Lorsque je la regarde dormir, je suis subjuguée par la régularité de ses traits, la symétrie de son visage, la rondeur de son doux visage, tel un ange.
Et lorsque je croise des bébés sans ce petit chromosome en plus, je ne peux m'empêcher de leur trouver des défauts.
Cela révèle en moi un travers cognitif : je pense que j'aime profondément ce qui est différent. La différence me rassure, car elle me paraît plus vulnérable et peut-être moins dangereuse pour ma propre fragilité.
Parfois, on souhaiterait se cliver, ne plus rien ressentir. Alors, Hachem, notre Chirurgien, le Grand Professeur en médecine, procède parfois à un choc cardiaque pour nous réanimer. Ou utilise un scalpel pour nettoyer ce qui empêche la vie de s'écouler dans nos artères émotionnelles.

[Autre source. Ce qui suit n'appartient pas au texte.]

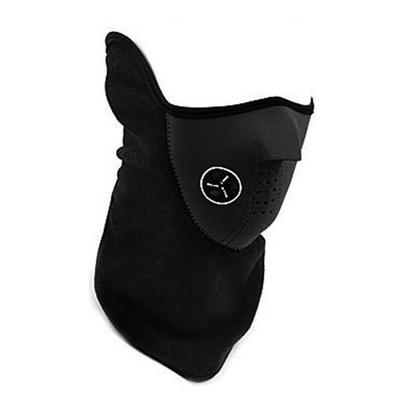 Masque Automne Hiver Coupe-Vent Moto Vélo Ski Équitation - Noir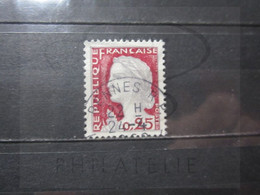 VEND BEAU TIMBRE DE FRANCE N° 1263 , OBLITERATION " RENNES " !!! - 1960 Marianne (Decaris)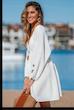 پیراهن زنانه وارداتی سفید سایز S 38 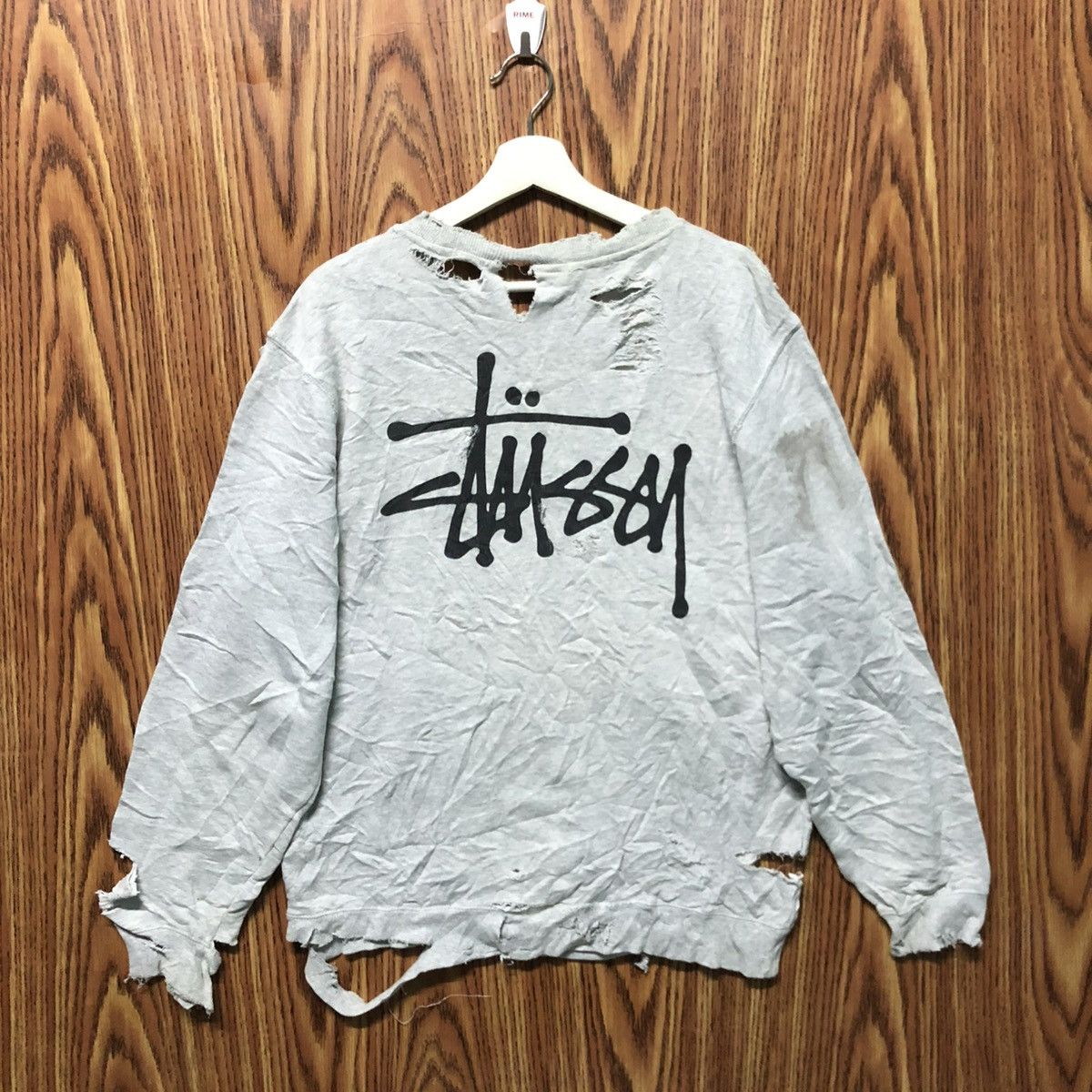 Stussy Vintage Stussy Distressed Sweatshirt Crewneck Size US M / EU 48-50 / 2 - 1 Thumbnail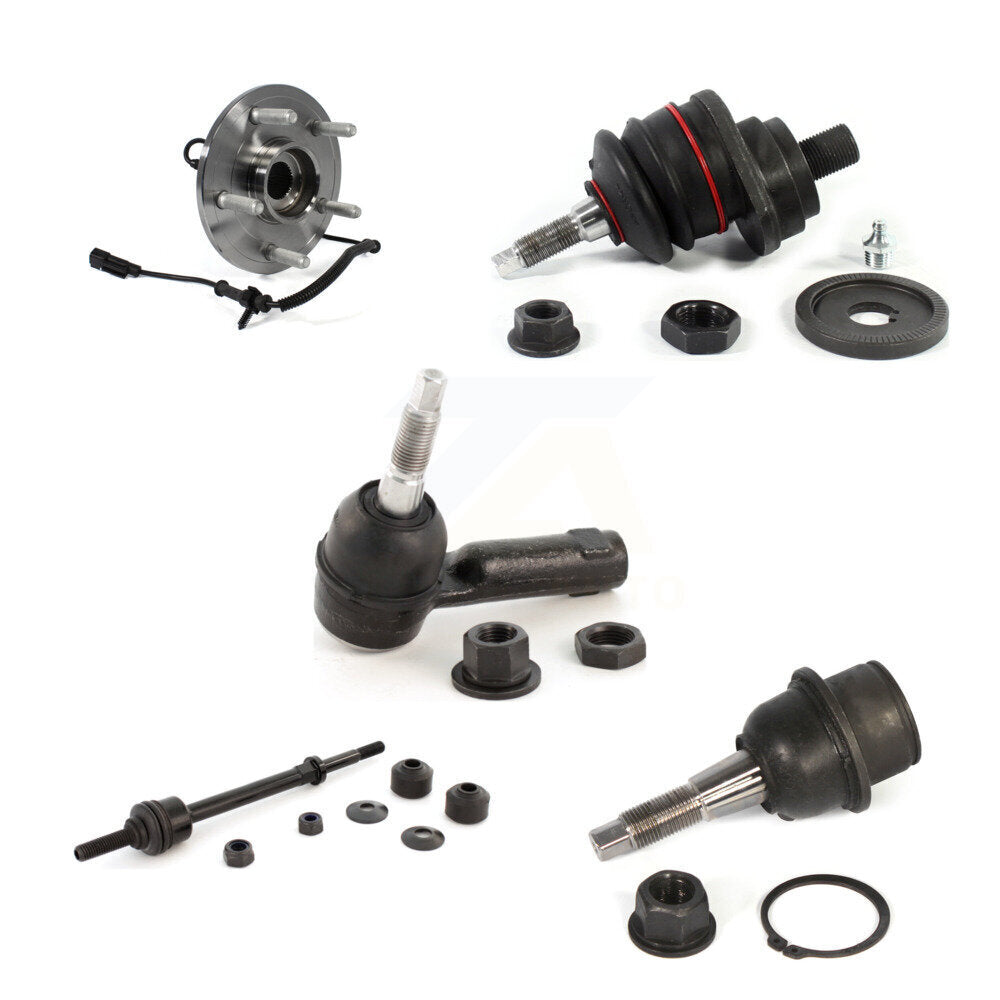 Bearing Upper Lower Ball Joint Outer Tie Rod & Link Front Kit (5Pc) For Ram 1500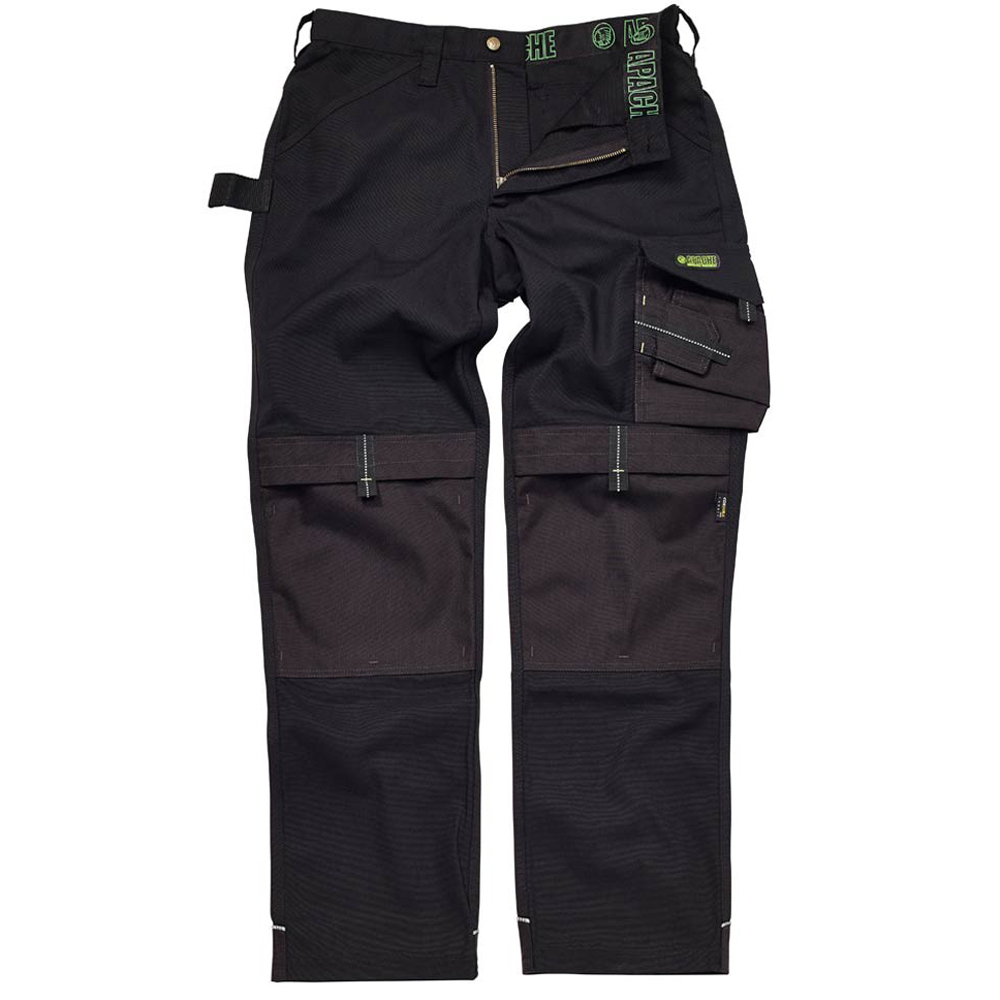 Apache Ballistic Canvas Trousers Black 40 Waist / 31" Leg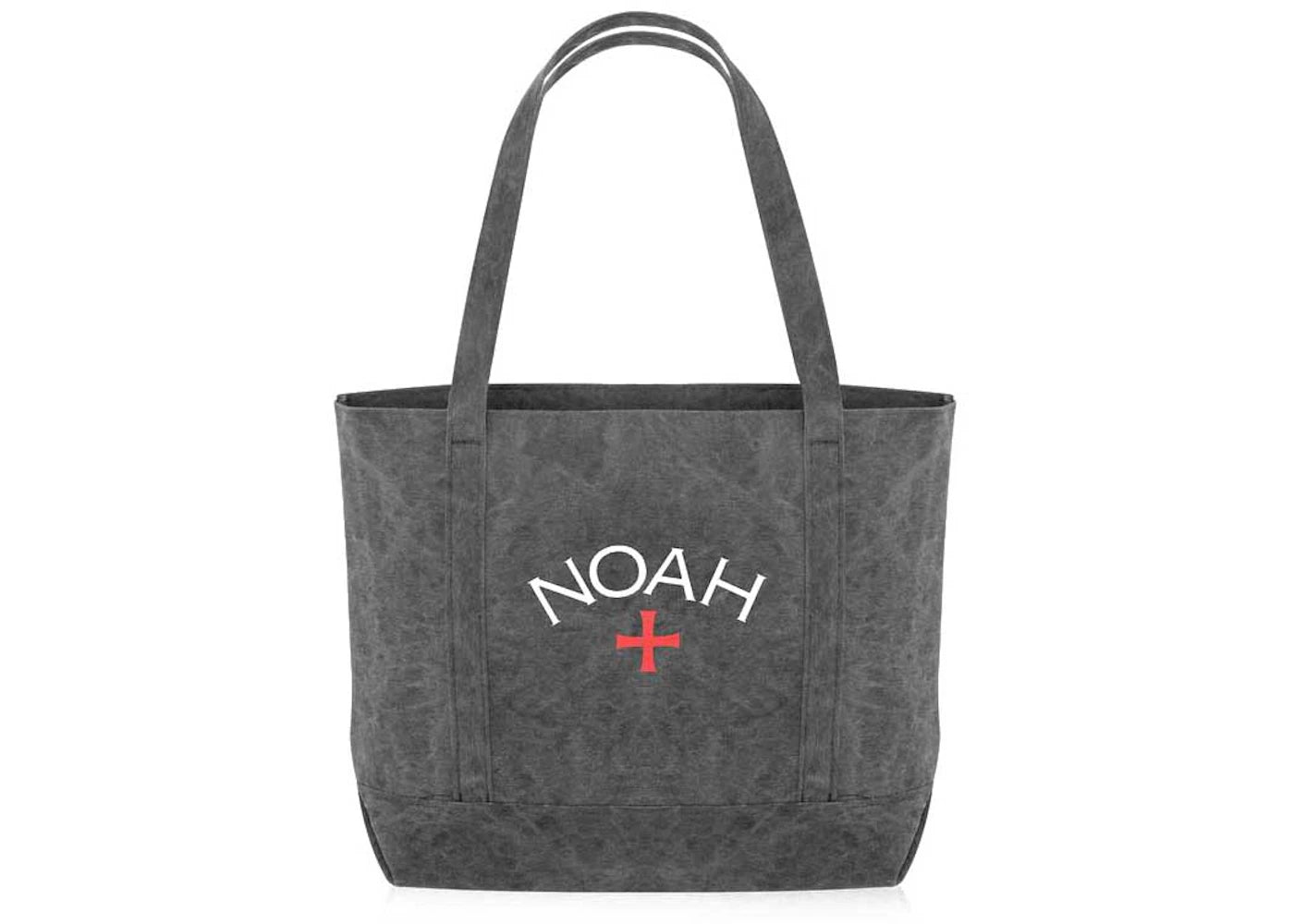 Noah Recycled Canvas Core Logo Tote Bag Black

Lui, Il a un plan pour nous rendre meilleurs, pour nous accepter et nous aimer avec nos imperfections, afin d’accepter l’autre, reflet de nous-mêmes.
Et ce qui m’agace chez cette petite fille, n’est-ce pas tout ce que j’essaie de fuir… ?

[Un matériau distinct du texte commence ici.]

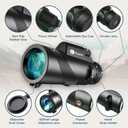 80X100 Monocular Telescope High Power with Smartphone Holder & Tripod, High Definition Larger Vision Monocular for Adults for Bird Watching Hiking Camping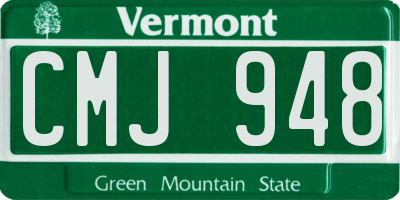 VT license plate CMJ948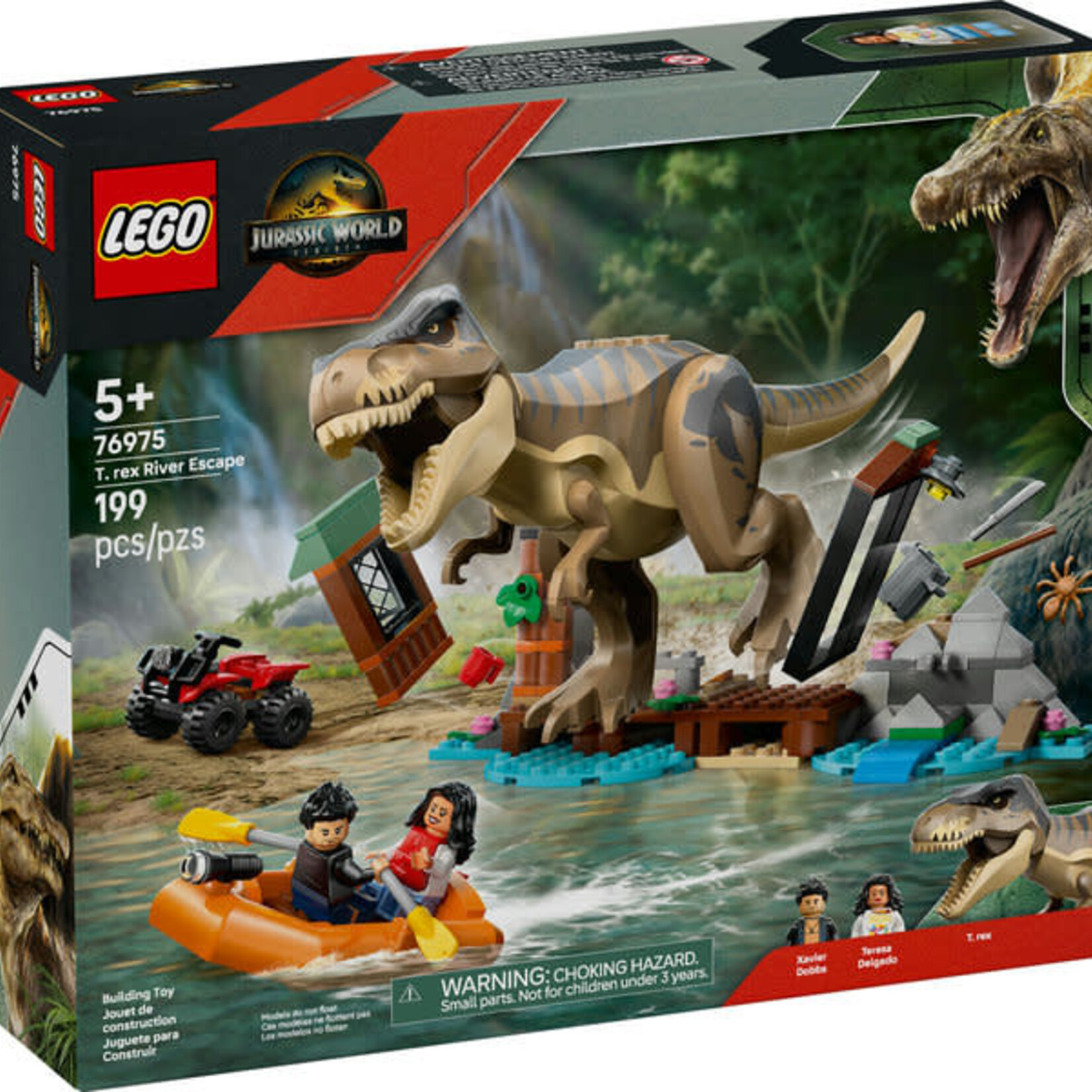 Lego Lego 76975 Jurassic World - L’évasion sur la rivière du T.rex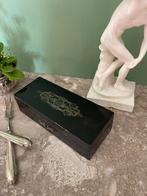 Antiek lak kistje, Ophalen of Verzenden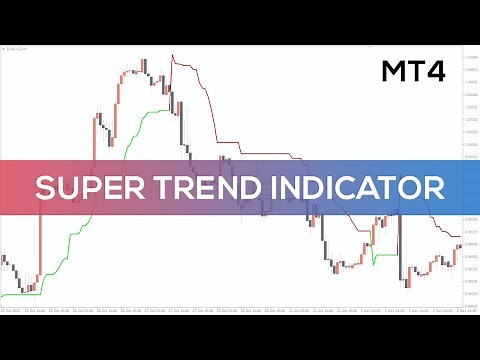 Super Trend Indicator for MT4 - BEST REVIEW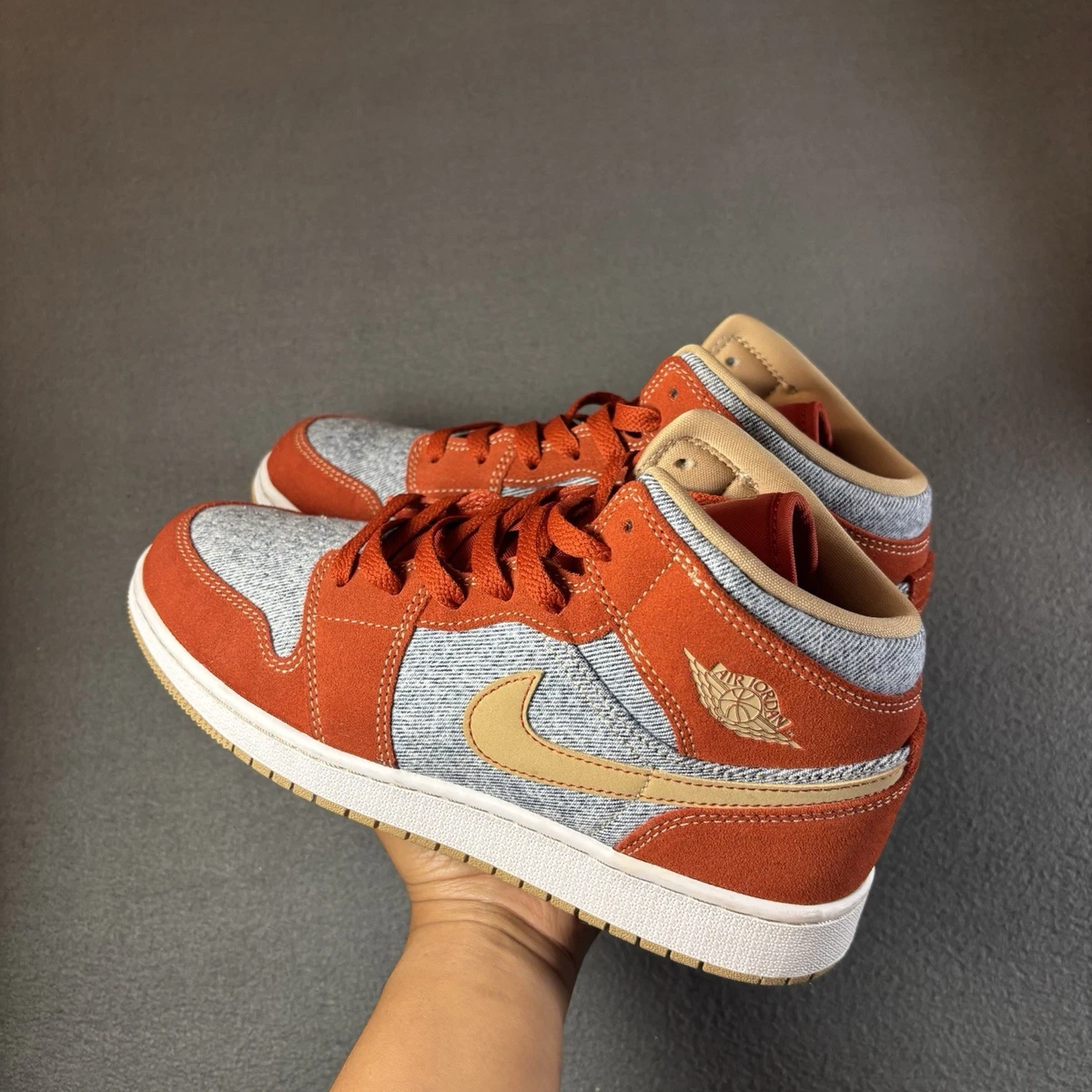 Las mejores ofertas en Jordan 1 Mid Denim Red | eBay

Fuir cette petite fille digne de Jacadi ?
En réalité, cette petite fille modèle que je devais être m'a échappé, moi, maladroite, souvent triste, en échec scolaire.
Cette projection de mes propres craintes et de mes blessures me renvoie à mon enfance, souvent bouc émissaire, où j'ai pu ressentir une profonde détresse face aux enfants modèles réussissant à l'école, jolies filles à succès...
Mais aujourd'hui, avec vous, je me reconnecte à cette petite fille pleine d’imagination, rêveuse, intelligente, pétillante, que j’ai cru devoir mettre au placard.
Je lui fais un énorme câlin et lui dis :
"Je t'aime, petite fille. Tu peux grandir avec moi, en moi. Je suis là pour te protéger. Je suis adulte, tu peux me faire confiance."
Ce dialogue intérieur devient un acte de réconciliation, un moyen de réparer les fissures de mon propre passé, tout en cultivant un espace où elle peut s’épanouir, libre de toutes les chaînes du jugement.